Scola es claro y positivo cuando escribe sobre el valor y la laicidad del Estado y los valores fundamentales de la sociedad: “En cuanto a instancia superior –dice- el Estado debe ser, según la terminología hoy en uso, laico. Pero está claro, llegado a este punto, qué debe significar laicidad: la no identificación con ninguna de las partes implicadas, es decir, con sus intereses e identidades culturales, sean religiosas o laicas”.
Aquí está el yerro candente. La Vicepresidenta del Gobierno español, María Teresa Fernández de la Vega, anunció el 7 de mayo que su objetivo es avanzar en la condición de laicidad que la Constitución otorga a nuestro Estado”. Esto mismo lo han venido diciendo, de una u otra manera, todos los presidentes que ha tenido España en la democracia, desde Adolfo Suárez a Rodríguez Zapatero.

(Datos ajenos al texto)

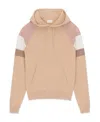 Saint Laurent Colour-block Logo Embroidery Hoodie In Nude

Pero ¿en qué punto estamos? Después de 32 años de declaraciones e intenciones incumplidas, todo sigue igual. Cada español, sea católico o ateo, judío, protestante, musulmán o budista, pagará este año cuatro euros para el sostenimiento del culto y clero católico. Desde 1979 Acuerdos bilaterales atan al Estado español con el Estado Vaticano. El Gobierno ha cedido ante los colegios católicos concertados, que podrán adaptar la polémica asignatura a su ideario, suprimiendo lo que les disguste.
Scola define bien el término laicidad como la no identificación del Estado con religión alguna. Pero ¿cómo se aplica este sistema en España, donde la Iglesia católica recibe del Estado 4.000 millones de euros anuales en diferentes conceptos y las tres religiones que mantienen Acuerdos con el Estado apenas tres millones? ¿Cómo hablar aquí de “no identificación” con una determinada confesión religiosa? ¿Y cómo se atreve a decir la vicepresidenta del Gobierno que su objetivo es avanzar en la condición de laicidad cuando el propio Gobierno central y los Gobiernos regionales han instaurado como seña de identidad las manifestaciones populares de la Iglesia católica tales como los belenes de Navidad, los ridículos reyes magos, las procesiones de semana santa, la farándula del rocío y otras de parecido tono?
El libro de Ángelo Scola concluye con un bello capítulo sobre el sentido de la muerte. Suscribo desde la primera a la última línea. “En el acto de morir descubriré que no acabo en la nada”, dice el cardenal. Así es. Así será.